> Work instruction
In the records below, find the line with "32337928 ������� ����, 61" and repeat it and every line after it, exactly, without any pictures.

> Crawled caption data
........

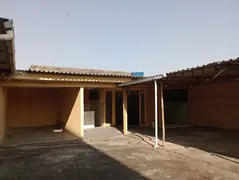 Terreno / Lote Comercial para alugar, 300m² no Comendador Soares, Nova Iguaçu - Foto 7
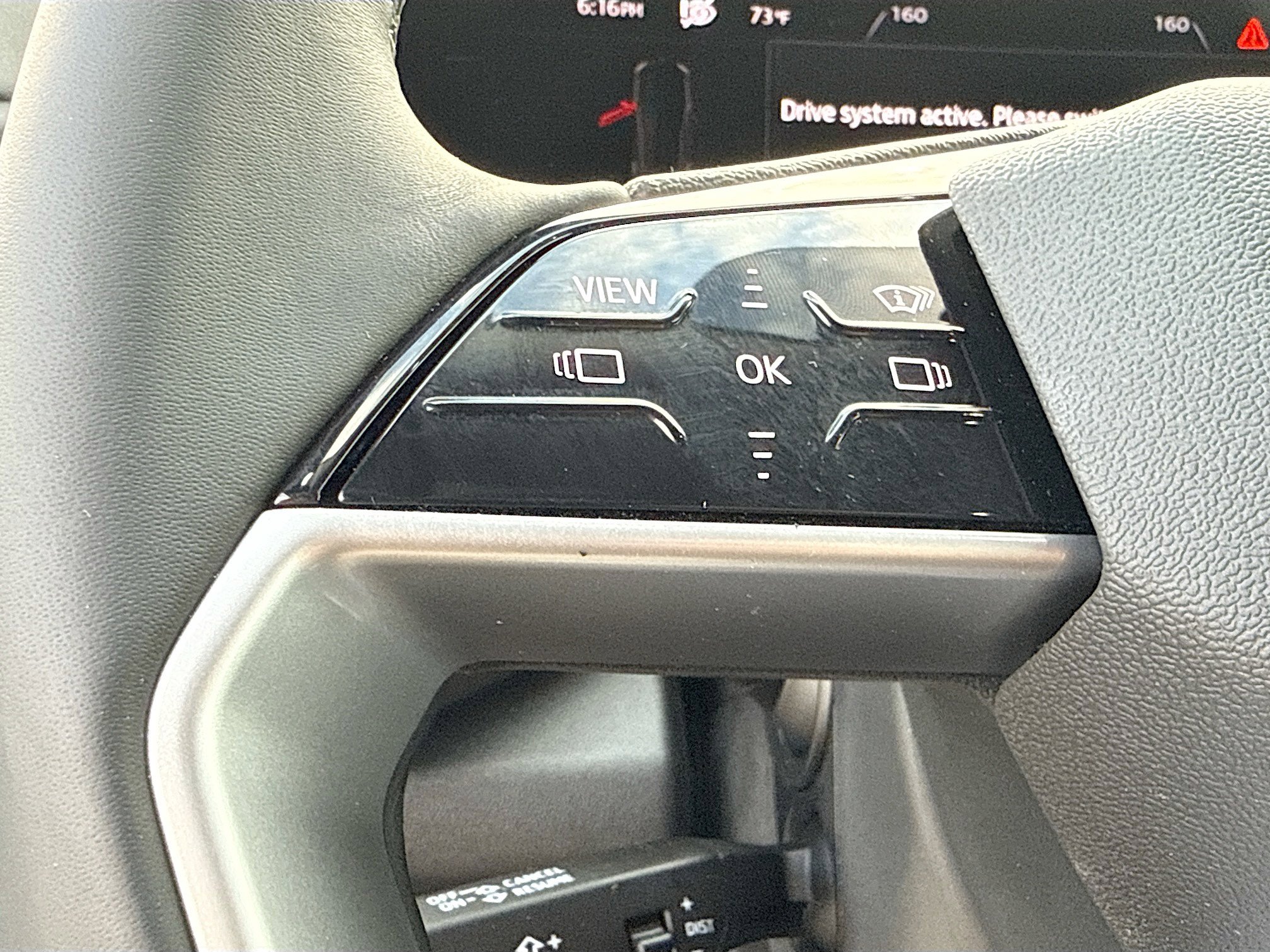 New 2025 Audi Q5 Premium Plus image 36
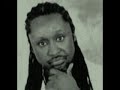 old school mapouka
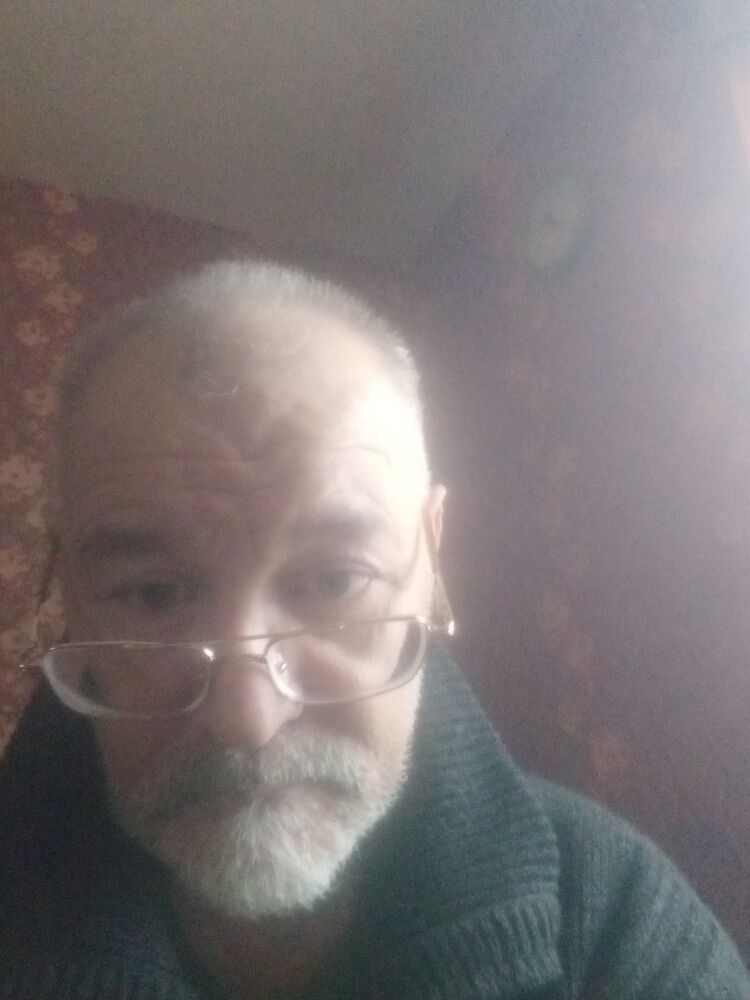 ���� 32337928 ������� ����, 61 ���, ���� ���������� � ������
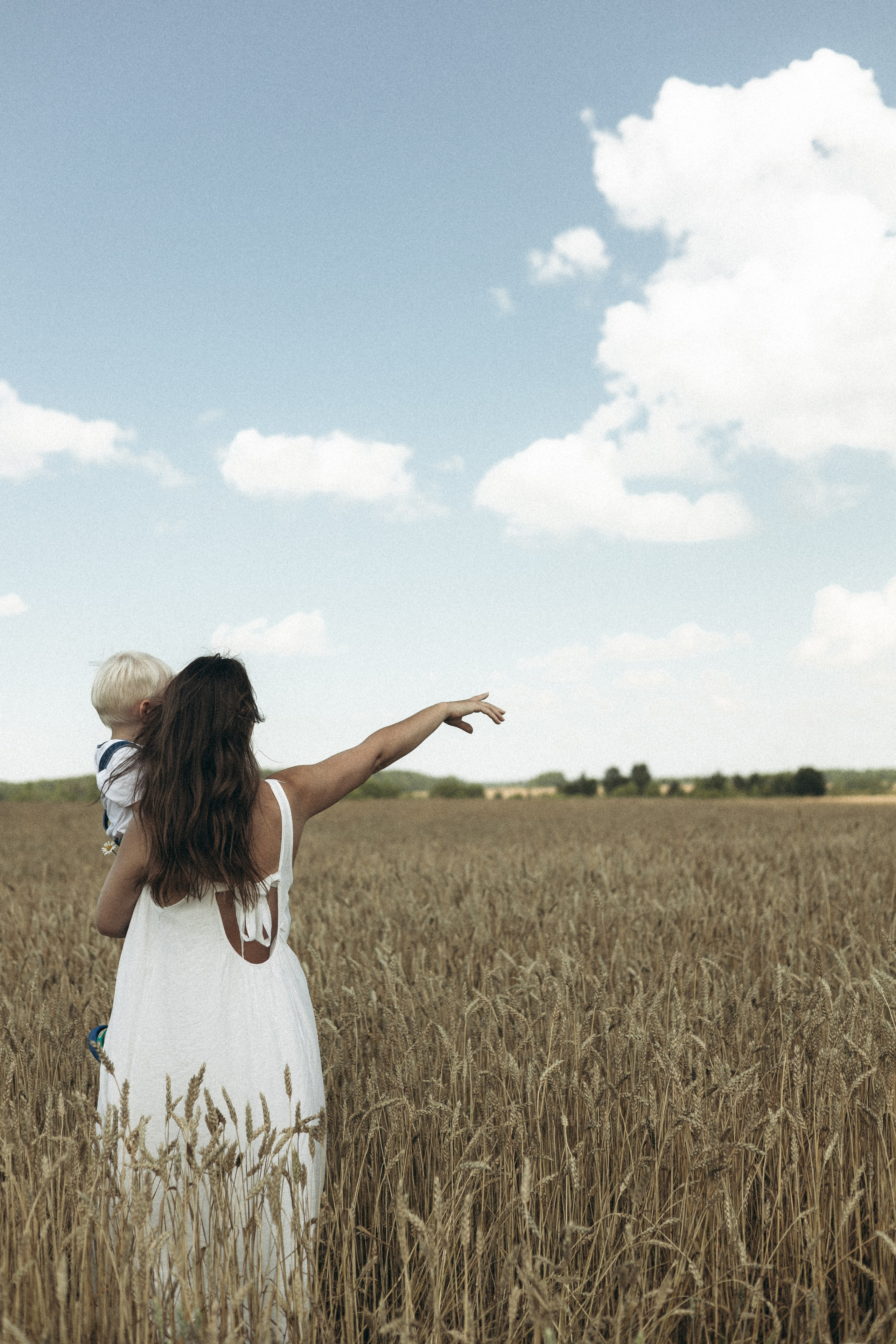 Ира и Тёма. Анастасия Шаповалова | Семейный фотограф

........

> Response area
 ���� 32337928 ������� ����, 61 ���, ���� ���������� � ������
 Ира и Тёма. Анастасия Шаповалова | Семейный фотограф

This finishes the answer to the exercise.